▶ Action item
Search the data for the word "Women" and copy each line that has it.

+-------+

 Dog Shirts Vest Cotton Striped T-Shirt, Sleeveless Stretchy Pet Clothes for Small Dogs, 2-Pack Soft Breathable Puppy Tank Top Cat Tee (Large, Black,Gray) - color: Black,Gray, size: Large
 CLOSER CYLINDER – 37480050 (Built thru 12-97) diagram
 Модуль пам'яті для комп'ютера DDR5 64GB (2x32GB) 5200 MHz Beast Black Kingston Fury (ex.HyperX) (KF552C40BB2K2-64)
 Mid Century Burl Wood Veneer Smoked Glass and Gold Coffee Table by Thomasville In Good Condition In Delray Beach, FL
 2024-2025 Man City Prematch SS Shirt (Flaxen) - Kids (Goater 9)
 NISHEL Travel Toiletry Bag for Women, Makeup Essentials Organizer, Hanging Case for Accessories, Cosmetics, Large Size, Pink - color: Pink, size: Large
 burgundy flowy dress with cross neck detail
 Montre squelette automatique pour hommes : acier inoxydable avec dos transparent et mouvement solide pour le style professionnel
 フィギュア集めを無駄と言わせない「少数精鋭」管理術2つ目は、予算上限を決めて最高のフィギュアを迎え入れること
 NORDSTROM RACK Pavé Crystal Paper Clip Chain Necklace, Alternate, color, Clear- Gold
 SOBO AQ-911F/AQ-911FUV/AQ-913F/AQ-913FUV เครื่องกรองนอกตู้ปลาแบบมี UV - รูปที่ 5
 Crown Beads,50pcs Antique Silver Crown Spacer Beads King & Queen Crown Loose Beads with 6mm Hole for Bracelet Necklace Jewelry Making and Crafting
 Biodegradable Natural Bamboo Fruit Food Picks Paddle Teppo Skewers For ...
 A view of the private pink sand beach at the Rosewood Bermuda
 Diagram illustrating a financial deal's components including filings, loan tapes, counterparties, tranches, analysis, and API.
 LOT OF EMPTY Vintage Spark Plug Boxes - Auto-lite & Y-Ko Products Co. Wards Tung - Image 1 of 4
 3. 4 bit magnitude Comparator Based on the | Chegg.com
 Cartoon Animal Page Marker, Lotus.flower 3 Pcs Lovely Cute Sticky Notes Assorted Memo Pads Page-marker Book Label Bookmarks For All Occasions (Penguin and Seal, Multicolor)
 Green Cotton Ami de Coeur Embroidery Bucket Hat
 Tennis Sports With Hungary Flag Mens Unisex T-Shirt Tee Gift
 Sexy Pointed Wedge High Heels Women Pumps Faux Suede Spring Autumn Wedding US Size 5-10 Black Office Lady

+-------+

▶ Solution
 NISHEL Travel Toiletry Bag for Women, Makeup Essentials Organizer, Hanging Case for Accessories, Cosmetics, Large Size, Pink - color: Pink, size: Large
 Sexy Pointed Wedge High Heels Women Pumps Faux Suede Spring Autumn Wedding US Size 5-10 Black Office Lady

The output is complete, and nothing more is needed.